22. Attorneys' Fees:
If any legal action or other proceedings are brought between the parties, the successful or prevailing party will be entitled to recover reasonable attorneys' fees and other costs incurred in that action or proceeding, in addition to any other relief to which it may be entitled.
Vendor will not assign any rights or delegate or subcontract any obligations under this Order without G3's prior written consent. G3's consent to any assignment or subcontractor will not relieve Vendor of its responsibility for the performance of any of its obligations hereunder; nor will it constitute G3's consent to further assignment or subcontracting. Further, any action or inaction by any such subcontractor that would constitute a breach or violation of any term of this Order will be deemed a breach thereof by Vendor. If G3 permits subcontracting, Vendor shall inform its subcontractors and suppliers about all of G3's requirements, including all of the requirements of this Order.
a. No additions, deletions, or modifications to this Order shall be effective unless set forth in writing and executed by both parties.
b.

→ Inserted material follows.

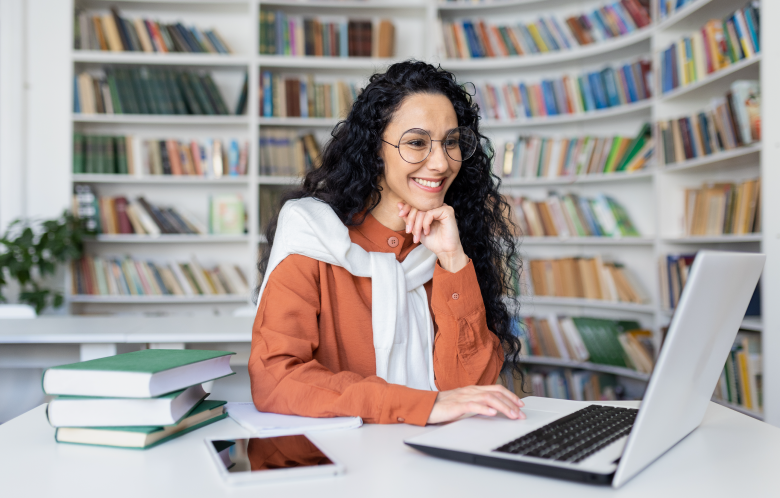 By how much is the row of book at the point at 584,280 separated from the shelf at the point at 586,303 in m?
0.04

G3's failure to enforce any provision of this Order in any instance shall not be deemed a waiver of that provision in that or any other instance.

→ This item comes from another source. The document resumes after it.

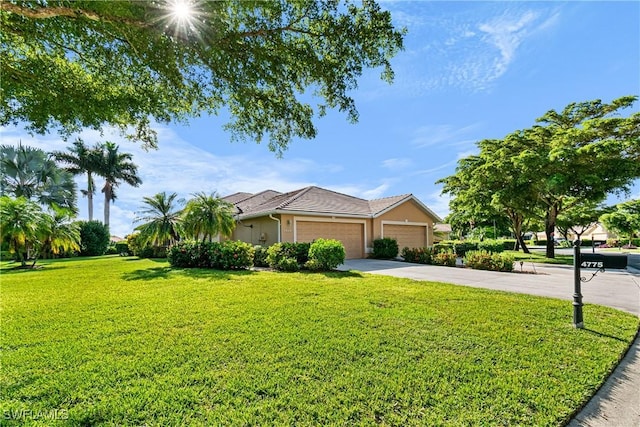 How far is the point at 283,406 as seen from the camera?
2709 millimetres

c. Vendor and its employees are at all times independent contractors and not employees or agents of G3. Nothing contained in this Order shall be construed as creating any agency, partnership, joint venture or other form of joint enterprise, employment or fiduciary relationship between the parties, and neither party shall have authority to contract for or bind the other party in any manner whatsoever. There is no relationship of exclusivity, nor are there any minimum purchase requirements.

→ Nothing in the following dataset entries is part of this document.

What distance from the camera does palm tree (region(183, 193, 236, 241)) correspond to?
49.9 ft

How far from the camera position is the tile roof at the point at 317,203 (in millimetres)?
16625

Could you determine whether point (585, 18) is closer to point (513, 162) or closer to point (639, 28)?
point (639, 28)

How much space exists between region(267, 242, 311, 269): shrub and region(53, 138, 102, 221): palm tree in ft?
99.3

d. If any provision contained herein is determined to be unenforceable, all other provisions shall remain in full force and effect and the affected provision shall be construed so as to be enforceable to the maximum extent permitted by applicable law.
e. All claims by Vendor for money due or to become due from G3 shall be subject to deduction or set off by G3 by reason of any claim arising out of this or any other transaction with Vendor.
f. Provisions of this Order which by their nature should apply beyond their terms will remain in force after any termination or expiration of this Order including the following provisions: Warranties, Indemnification, Insurance, Compliance with Laws, Confidentiality, Governing Law and Venue, Attorneys' Fees, and Miscellaneous.